A exiguidade dos lugares turísticos ocupados pelos turistas, como o Pico do Areeiro, a levada das 25 fontes, a vereda da Ponta São Lourenço, as queimadas etc, não deixam espaço para os locais porque estão superlotados pelos turistas. As rent-a-car, pelas mãos dos turistas têm invadido as nossas estradas criando filas enormes, os estacionamentos abusivos diabolizam o dia-a-dia dos condutores profissionais e amadores da ilha. Os bens alimentares encarecem porque os hotéis absorvem tudo para o turismo e o ilhéu nunca poderá competir com o poder de compra dos hotéis para alimentar os turistas que nos visitam. O AL absorveu as habitações para arrendar e os “vistos gold” inflacionaram desmesuradamente o m2 de terreno o qual está a preços proibitivos para os locais.
Se por um lado precisamos do turismo porque gera empregos, por outro está a tornar a vida impossível aos residentes. Lembro-me quando a Madeira e o Porto Santo eram “cantinhos do céu” onde podíamos usufruir de privacidade, paz e sossego mas o progresso, base da economia, cada vez mais tornam esses pequenos privilégios impossíveis de alcançar. Não sendo retrógrado sou saudosista desses momentos embora saiba que, devido à evolução planetária, jamais voltarão.
Se o turismo é um mal necessário compete aos nossos governantes pensarem seriamente no futuro. Como? Quem sabe, evitando o turismo de massas ou “pé-descalço”, que pouco contribuem para a nossa economia, e condicionando a entrada a quem não tenha um hotel por destino. Afinal, somos ou não um destino de excelência? Outro mal necessário foi o AL que permite o turismo de massas. Em suma, se como é óbvio não podemos matar a galinha dos ovos d’ouro, crie-se condições para os locais, pois não queremos ser estrangeiros na nossa própria terra ou expulsos para que os turistas se sintam à-vontade.
Por outro lado os nossos meios de socorro, bombeiros, socorristas de montanha e helicóptero, são confrontados, quase diariamente, com uma grande azáfama devido à incoerência de turistas irresponsáveis que apenas por uma “selfie” colocam a sua vida em risco, além dos custos para a Região pago com o nosso dinheiro. Depois ainda têm a ousadia de criticar a sinalização perigosa e a prontidão do socorro como aconteceu no caso da italiana Margherita Salvucci que lamentavelmente perdeu a vida por incúria na Poça das Lesmas no passado mês de junho. Precisamos de turismo? Sim, sem dúvida, mas um turismo responsável.

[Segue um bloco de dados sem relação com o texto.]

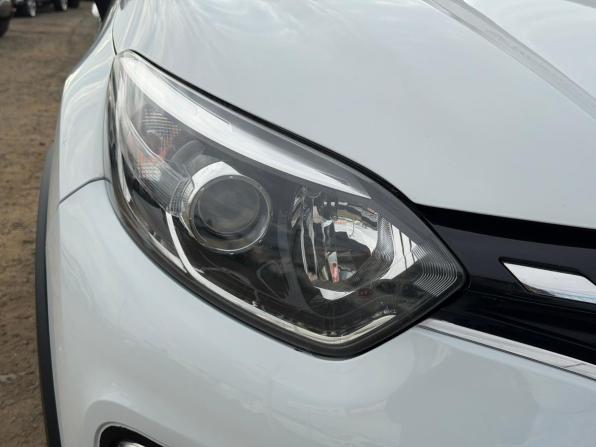 Renault Kaptur I Рестайлинг с пробегом 2021 года, цена 1 345 000 рублей, 56400 км, внедорожник, Автокод Объявления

A taxa turística que foi largos anos vista pelos (ir) responsáveis governantes como óbice à entrada de turista, hoje já é necessária e vista como justa e de 0 euros há dois ou três anos, passou para 2€ e já se aprontam para aumentar para 4€, por dormida. Mais vale tarde que nunca, pois injusto seria 250 mil madeirenses pagarem taxa de saneamento básico, resíduos sólidos, de consumo de água, de eletricidade para conforto de mais de 1 milhão de turistas que nos visitam todos os anos.

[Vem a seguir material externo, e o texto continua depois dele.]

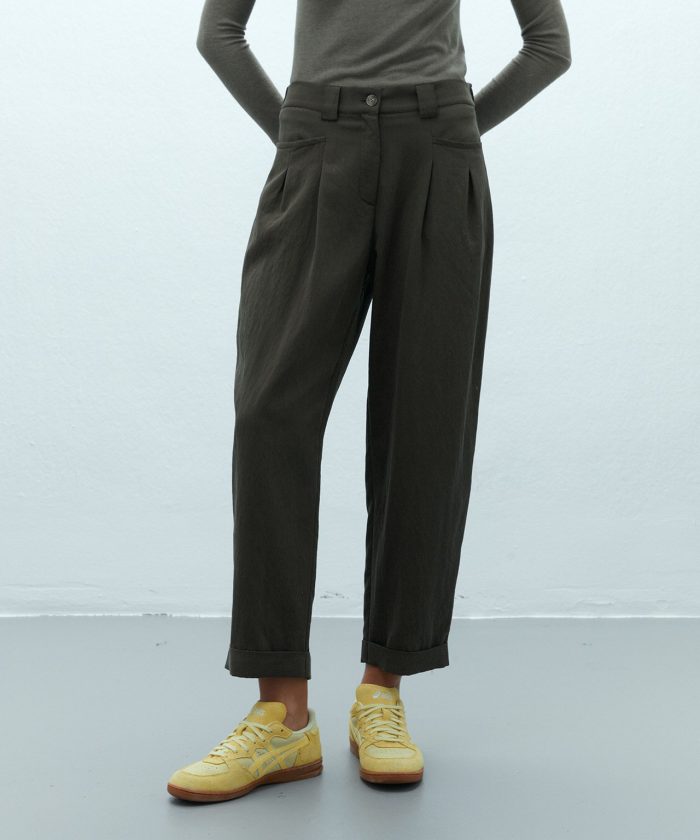 Pantalón de pinzas kaki ANDAM detalle de las pinzas de la cintura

Poucos são os que, por enquanto, se atrevem a apontar o dedo ao tema turismo pois é “pecado” falar mal da única fonte de receita da Madeira e Porto Santo, porém chegará o dia em que não poderemos ignorar ou contornar o assunto.
Ilustro este tema com outra opinião hilariante tornada pública em que alguém sugeria que bastava que os madeirenses evitassem visitar os locais mais frequentados pelos turistas para evitar congestionamentos. Como vêm não é exagero quando ponho por hipótese que no futuro seremos escorraçados da nossa ilha para que os turistas se sintam bem. Já nem nos é permitido “ir de férias cá dentro”.